The measure sets aside $240 million for farmers, which "sounds like a big number," conceded Senate Majority Leader Harry Brown at a committee meeting on the bill Tuesday morning. However, he added, "if you start breaking it down for 10,000 farmers, that's about $24,000 a farmer. So, it really isn't a whole lot of money.

"Hopefully, this will keep some of these farmers in business, and I’ll be quite honest, some of them are going to go out of business," Brown, R-Onslow, told the committee.

The bill also includes $10 million for aid to commercial fishermen and shellfish farmers in devastated coastal areas. That money will go through the Department of Environmental Quality.

State Agriculture Commissioner Steve Troxler said the storms cost farmers and fishermen estimated income of about $8.3 billion this year, so the aid is just a fraction of the loss.

"This bill is the best thing the legislature can do right now to restart the economy in these rural areas that have been so heavily impacted," Troxler told lawmakers. "I look forward to working very hard to get this money out."

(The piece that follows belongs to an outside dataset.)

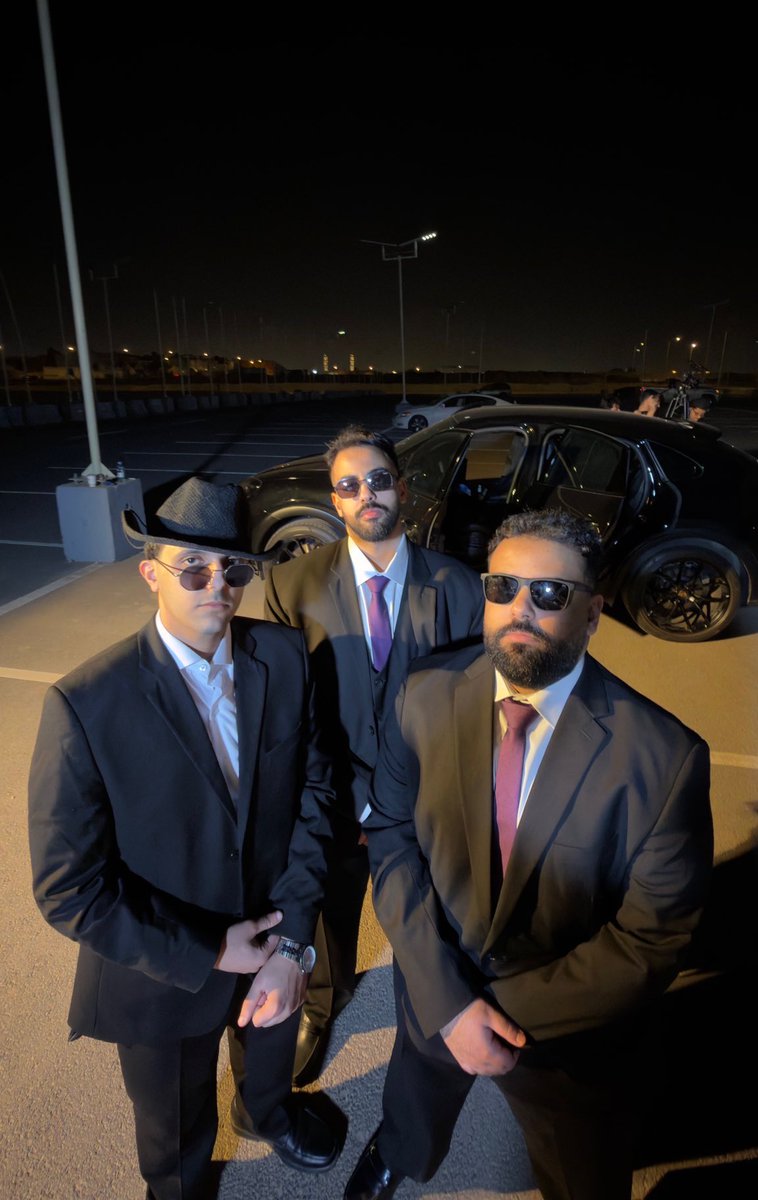 AbTipin's tweet photo. 🕴️🕴️ https://t.co/oPjYJLvIFc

Troxler explained that Florence hit just as farmers were preparing to harvest their crops. He compared it to being robbed while taking your paycheck to the bank.

"There was no payday for a lot of people this fall," Troxler told WRAL News. "It’s just a bridge to get people to the next crop and help them get the financing that they need to withstand the loss they’ve taken."

The bill also contains $23.5 million for the Department of Public Instruction to help affected schools finish repairs and renovations, $5 million to Golden LEAF, a Rocky Mount-based foundation, for small-business loans, $18.5 million to DEQ for federal matches required for coastal mitigation help and $1 million to the Administrative Office of the Courts to repair damaged courthouses and replace equipment in them.

Sen. Brent Jackson, R-Sampson, added $25 million to bill from the recovery fund during the floor debate. The bulk of that would serve as a short-term loan fund to help local governments manage cash flow while they wait for Federal Emergency Management Agency funds, while $5 million would pay for housing needs of displaced residents.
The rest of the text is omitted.